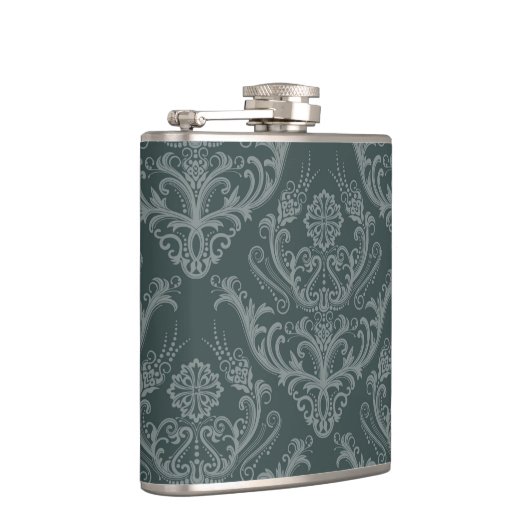 Grüne Blumendamastluxustapete Flachmann (Rechts)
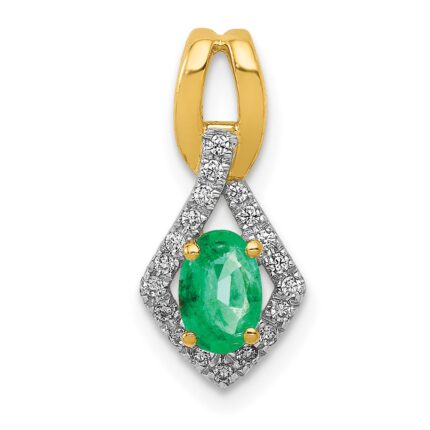 14k Diamond and Oval Emerald Fancy Pendant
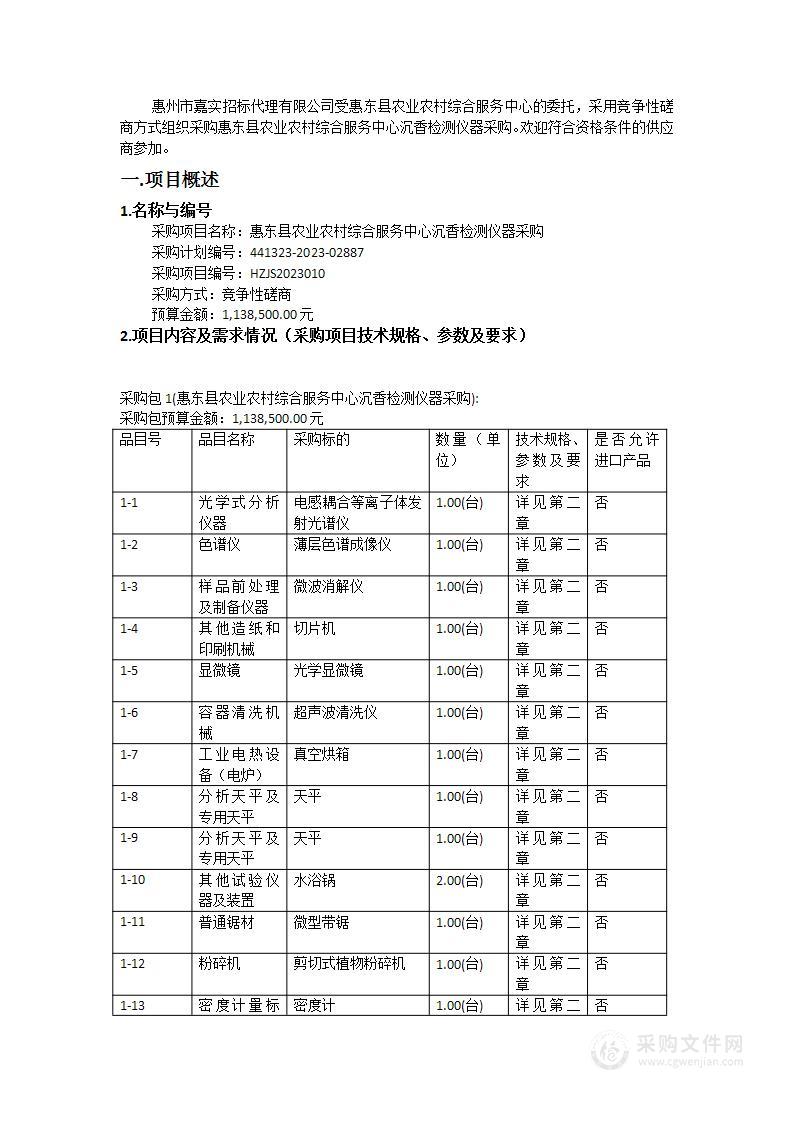 惠东县农业农村综合服务中心沉香检测仪器采购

━━━━━━━━━━

▶ _WHAT YOU NEED TO DO_: Retype all of the listing word for word and skip the pictures.

▶ _WRITTEN RESPONSE_:
 Grüne Blumendamastluxustapete Flachmann (Rechts)
 14k Diamond and Oval Emerald Fancy Pendant
 惠东县农业农村综合服务中心沉香检测仪器采购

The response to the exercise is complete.